[Date Prev][Date Next][Thread Prev][Thread Next][Date Index][Thread Index]
bug#6252: Emacs does not implement URL (aka "percent") decoding correctl
From: |
YAMAMOTO Mitsuharu |
Subject: |
bug#6252: Emacs does not implement URL (aka "percent") decoding correctly. |
Date: |
Mon, 24 May 2010 12:33:46 +0900 |
User-agent: |
Wanderlust/2.14.0 (Africa) SEMI/1.14.6 (Maruoka) FLIM/1.14.8 (Shijō) APEL/10.6 Emacs/22.3 (sparc-sun-solaris2.8) MULE/5.0 (SAKAKI) |
>>>>> On Sun, 23 May 2010 01:46:54 +0200, José A. Romero L.

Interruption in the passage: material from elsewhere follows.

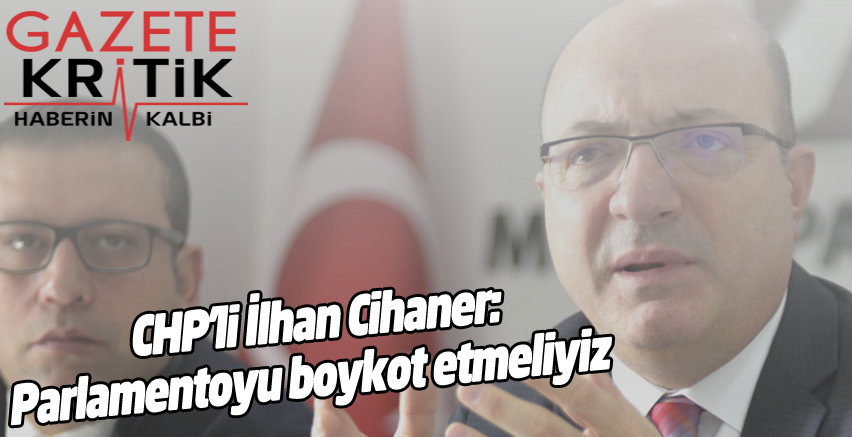 CHP'li İlhan Cihaner: 'Parlamentoyu boykot etmeliyiz'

>>>>> <escherdragon@gmail.com> said:
> Seems that RFC 3986 has not been implemented correctly in
> Emacs. IMHO that is an important hole you have found there. The
> standard requires that all unreserved characters be encoded/decoded
> as UTF8 bytes.
If you are referring to the following part of RFC 3986, it doesn't say
anything about existing URI schemes (as opposed to "a new URI
scheme"), those defining a component that does NOT represent textual
data, or even for textual data, those NOT consisting of characters
from the Universal Character Sets.
When a new URI scheme defines a component that represents textual
data consisting of characters from the Universal Character Set
[UCS], the data should first be encoded as octets according to the
UTF-8 character encoding [STD63]; then only those octets that do not
correspond to characters in the unreserved set should be percent-
encoded.
(See also http://lists.gnu.org/archive/html/emacs-devel/2006-08/msg00065.html)
Though returning a multibyte string decoded as UTF-8 would be useful
for many cases, I think some "unhex"ing function should also provide a
functionality to return a unibyte string.
YAMAMOTO Mitsuharu
mituharu@math.s.chiba-u.ac.jp